» **Task brief**:
In the records that follow, show each line where the word "visiting" is present.

» **Input for this task**:
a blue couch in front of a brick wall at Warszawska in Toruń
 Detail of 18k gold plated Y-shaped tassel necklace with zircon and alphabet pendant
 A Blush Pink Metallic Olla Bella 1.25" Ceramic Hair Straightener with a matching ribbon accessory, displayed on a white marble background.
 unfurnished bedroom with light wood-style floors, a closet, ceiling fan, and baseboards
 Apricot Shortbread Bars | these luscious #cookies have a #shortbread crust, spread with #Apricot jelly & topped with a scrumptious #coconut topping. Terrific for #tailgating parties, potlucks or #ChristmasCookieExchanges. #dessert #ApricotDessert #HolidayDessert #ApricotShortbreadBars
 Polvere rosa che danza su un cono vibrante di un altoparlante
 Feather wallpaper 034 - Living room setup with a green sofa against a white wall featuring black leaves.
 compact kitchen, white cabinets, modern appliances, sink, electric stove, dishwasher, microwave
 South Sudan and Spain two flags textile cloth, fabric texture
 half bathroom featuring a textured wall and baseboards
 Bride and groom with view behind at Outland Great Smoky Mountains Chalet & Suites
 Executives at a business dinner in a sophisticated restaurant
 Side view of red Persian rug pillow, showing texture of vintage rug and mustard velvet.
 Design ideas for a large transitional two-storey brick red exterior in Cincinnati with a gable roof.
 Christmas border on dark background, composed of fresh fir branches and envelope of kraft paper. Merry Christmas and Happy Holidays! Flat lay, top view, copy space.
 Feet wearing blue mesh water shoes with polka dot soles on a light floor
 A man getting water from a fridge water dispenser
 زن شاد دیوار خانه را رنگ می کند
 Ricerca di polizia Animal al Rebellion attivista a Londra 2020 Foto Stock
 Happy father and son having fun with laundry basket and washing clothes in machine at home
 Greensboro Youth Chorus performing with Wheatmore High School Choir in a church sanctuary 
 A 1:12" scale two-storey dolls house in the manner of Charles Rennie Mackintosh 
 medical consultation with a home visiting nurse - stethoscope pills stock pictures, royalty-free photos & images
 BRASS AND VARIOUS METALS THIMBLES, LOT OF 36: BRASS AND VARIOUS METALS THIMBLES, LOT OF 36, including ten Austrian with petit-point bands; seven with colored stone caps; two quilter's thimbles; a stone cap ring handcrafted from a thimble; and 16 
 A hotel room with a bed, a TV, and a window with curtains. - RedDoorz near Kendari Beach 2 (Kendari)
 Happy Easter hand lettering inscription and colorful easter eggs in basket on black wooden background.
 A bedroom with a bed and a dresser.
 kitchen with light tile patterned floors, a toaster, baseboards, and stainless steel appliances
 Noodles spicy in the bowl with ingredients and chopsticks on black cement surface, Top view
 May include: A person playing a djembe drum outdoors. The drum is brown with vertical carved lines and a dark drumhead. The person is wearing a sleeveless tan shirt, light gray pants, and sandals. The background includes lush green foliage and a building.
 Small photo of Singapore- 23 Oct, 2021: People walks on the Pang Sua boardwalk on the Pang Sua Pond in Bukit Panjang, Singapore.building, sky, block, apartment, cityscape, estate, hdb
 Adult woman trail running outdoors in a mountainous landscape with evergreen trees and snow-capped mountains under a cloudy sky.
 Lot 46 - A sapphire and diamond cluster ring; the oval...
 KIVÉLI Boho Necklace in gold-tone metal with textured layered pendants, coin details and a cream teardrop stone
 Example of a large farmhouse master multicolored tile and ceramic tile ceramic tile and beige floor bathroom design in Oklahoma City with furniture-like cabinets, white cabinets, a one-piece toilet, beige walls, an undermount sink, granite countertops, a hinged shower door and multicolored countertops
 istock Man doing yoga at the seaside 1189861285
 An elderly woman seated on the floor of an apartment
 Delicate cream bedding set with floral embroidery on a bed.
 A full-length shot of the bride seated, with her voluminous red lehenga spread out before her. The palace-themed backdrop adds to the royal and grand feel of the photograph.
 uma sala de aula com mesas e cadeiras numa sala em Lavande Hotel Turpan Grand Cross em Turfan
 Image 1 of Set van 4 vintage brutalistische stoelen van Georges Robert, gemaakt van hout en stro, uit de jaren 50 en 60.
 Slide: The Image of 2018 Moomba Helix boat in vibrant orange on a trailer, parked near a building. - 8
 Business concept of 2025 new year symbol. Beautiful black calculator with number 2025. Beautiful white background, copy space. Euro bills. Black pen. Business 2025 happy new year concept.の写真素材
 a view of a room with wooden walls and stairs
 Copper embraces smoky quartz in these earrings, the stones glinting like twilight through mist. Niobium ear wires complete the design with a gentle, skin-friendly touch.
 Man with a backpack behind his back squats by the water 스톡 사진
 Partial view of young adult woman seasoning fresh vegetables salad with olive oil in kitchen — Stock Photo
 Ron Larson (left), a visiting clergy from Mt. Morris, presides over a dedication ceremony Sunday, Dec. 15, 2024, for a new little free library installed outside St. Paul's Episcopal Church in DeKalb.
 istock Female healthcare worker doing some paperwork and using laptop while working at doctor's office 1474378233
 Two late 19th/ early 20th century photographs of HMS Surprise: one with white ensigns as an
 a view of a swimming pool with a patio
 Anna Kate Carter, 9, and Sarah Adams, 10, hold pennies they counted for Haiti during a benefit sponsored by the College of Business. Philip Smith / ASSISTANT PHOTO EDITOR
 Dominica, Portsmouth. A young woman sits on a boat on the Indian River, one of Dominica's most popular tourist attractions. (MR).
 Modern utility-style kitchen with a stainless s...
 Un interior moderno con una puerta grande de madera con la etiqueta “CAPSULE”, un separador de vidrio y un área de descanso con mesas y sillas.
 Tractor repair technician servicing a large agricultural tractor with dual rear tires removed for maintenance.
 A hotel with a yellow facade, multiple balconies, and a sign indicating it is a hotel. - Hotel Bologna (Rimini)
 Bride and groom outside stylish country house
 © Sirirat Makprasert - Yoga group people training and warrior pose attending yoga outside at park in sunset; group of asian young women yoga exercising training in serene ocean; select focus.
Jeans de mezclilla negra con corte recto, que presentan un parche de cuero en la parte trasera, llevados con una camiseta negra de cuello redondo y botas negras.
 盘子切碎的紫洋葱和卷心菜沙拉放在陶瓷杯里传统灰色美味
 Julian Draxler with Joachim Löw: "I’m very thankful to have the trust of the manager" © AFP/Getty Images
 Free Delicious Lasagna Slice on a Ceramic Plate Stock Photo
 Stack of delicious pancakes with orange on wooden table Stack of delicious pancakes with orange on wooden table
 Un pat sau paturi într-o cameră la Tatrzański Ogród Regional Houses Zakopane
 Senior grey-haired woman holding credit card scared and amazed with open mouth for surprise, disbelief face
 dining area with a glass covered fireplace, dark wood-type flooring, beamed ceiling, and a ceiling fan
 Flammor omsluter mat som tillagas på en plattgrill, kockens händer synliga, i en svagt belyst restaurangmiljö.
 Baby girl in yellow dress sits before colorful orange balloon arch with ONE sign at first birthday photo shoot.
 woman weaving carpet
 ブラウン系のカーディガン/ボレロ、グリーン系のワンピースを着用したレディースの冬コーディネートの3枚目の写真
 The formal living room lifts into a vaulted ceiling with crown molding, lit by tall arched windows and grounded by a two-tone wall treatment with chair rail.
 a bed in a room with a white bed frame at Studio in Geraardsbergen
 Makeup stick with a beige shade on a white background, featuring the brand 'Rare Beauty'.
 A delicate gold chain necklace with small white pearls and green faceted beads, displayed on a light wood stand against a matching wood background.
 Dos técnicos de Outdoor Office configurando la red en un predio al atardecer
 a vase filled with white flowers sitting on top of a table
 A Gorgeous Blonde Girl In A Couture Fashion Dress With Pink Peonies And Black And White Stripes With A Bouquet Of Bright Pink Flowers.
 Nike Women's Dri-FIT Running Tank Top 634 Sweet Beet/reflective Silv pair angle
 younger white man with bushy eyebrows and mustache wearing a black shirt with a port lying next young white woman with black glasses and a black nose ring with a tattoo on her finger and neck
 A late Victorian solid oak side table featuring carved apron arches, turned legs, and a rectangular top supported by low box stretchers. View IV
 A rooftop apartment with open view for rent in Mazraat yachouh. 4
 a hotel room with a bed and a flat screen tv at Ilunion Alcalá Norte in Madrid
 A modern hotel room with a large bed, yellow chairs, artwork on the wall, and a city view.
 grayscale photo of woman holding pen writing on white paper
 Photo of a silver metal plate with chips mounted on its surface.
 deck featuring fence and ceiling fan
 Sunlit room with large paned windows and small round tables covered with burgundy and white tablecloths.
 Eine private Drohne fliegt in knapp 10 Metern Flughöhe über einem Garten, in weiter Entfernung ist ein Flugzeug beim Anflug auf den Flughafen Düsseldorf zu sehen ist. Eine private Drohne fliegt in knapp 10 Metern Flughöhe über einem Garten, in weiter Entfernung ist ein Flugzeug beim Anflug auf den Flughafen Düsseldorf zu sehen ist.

» **Solution to the exercise**:
 medical consultation with a home visiting nurse - stethoscope pills stock pictures, royalty-free photos & images
 Ron Larson (left), a visiting clergy from Mt. Morris, presides over a dedication ceremony Sunday, Dec. 15, 2024, for a new little free library installed outside St. Paul's Episcopal Church in DeKalb.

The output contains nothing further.